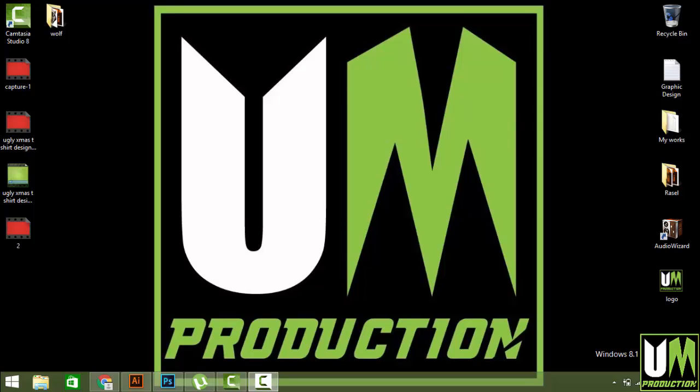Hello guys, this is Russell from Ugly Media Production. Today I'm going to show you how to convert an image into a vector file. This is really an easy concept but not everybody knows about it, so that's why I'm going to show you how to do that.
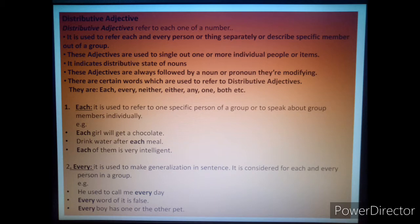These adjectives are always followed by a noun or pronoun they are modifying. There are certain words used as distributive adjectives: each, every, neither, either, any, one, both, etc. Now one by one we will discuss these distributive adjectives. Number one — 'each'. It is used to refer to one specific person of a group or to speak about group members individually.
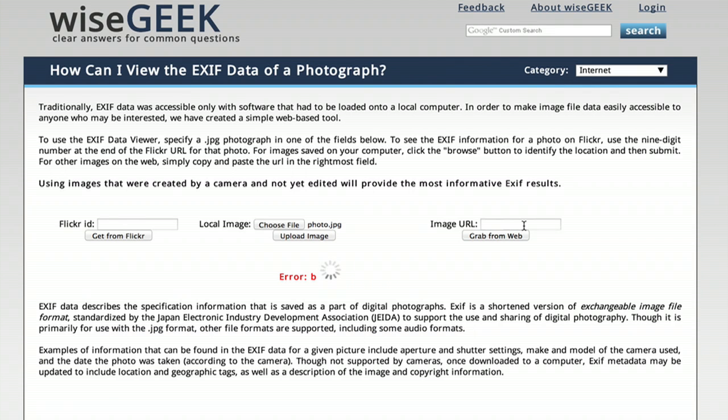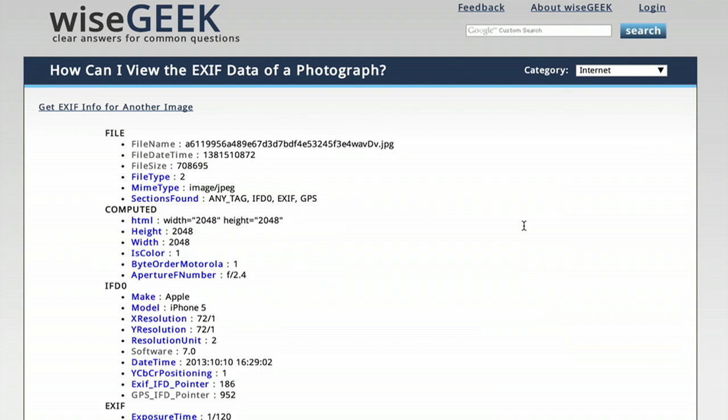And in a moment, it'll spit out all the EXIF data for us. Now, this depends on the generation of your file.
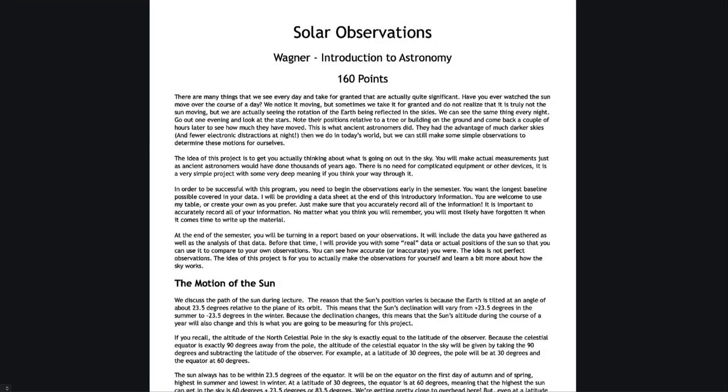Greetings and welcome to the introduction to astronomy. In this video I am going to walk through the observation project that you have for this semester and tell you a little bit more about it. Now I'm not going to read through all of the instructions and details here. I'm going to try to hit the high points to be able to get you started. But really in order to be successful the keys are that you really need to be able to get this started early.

◇ ◇ ◇ ◇

== Problem description ==
Transcribe the listing above verbatim. Omit the pictures.

== Response area ==
Hello guys, this is Russell from Ugly Media Production. Today I'm going to show you how to convert an image into a vector file. This is really an easy concept but not everybody knows about it, so that's why I'm going to show you how to do that.
These adjectives are always followed by a noun or pronoun they are modifying. There are certain words used as distributive adjectives: each, every, neither, either, any, one, both, etc. Now one by one we will discuss these distributive adjectives. Number one — 'each'. It is used to refer to one specific person of a group or to speak about group members individually.
And in a moment, it'll spit out all the EXIF data for us. Now, this depends on the generation of your file.
Greetings and welcome to the introduction to astronomy. In this video I am going to walk through the observation project that you have for this semester and tell you a little bit more about it. Now I'm not going to read through all of the instructions and details here. I'm going to try to hit the high points to be able to get you started. But really in order to be successful the keys are that you really need to be able to get this started early.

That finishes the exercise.